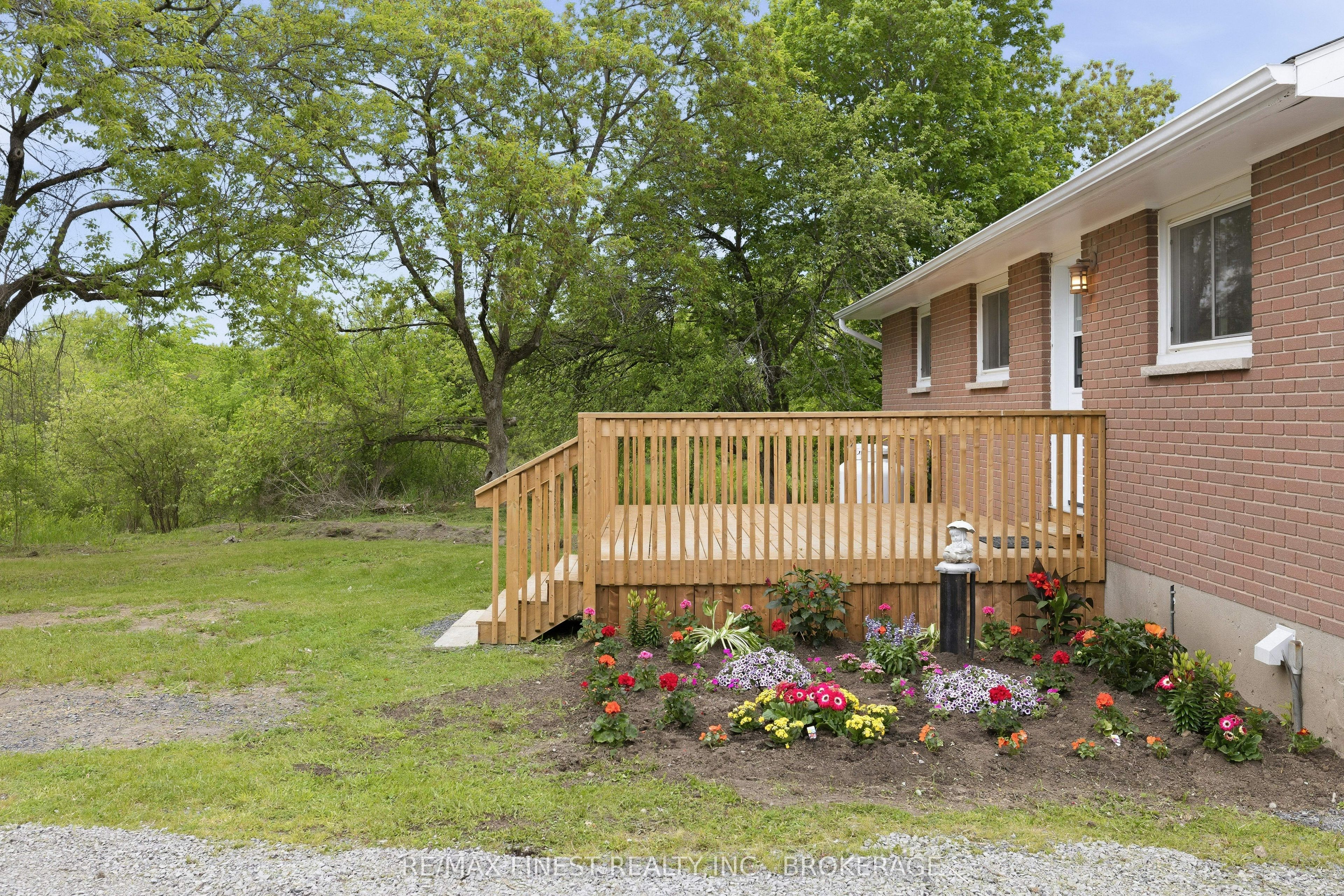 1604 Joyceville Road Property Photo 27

...

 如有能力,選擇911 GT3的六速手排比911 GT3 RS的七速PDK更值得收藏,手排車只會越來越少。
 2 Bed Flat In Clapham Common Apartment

### TASK BRIEF:
Look above for the line with "如有能力,選擇911 GT3的六速手排比911 GT3" and the line with "2 Bed Flat In Clapham Common Apartment", and reproduce exactly those two lines plus every line between, nothing more.

### RESPONSE BOX:
 如有能力,選擇911 GT3的六速手排比911 GT3 RS的七速PDK更值得收藏,手排車只會越來越少。
 2 Bed Flat In Clapham Common Apartment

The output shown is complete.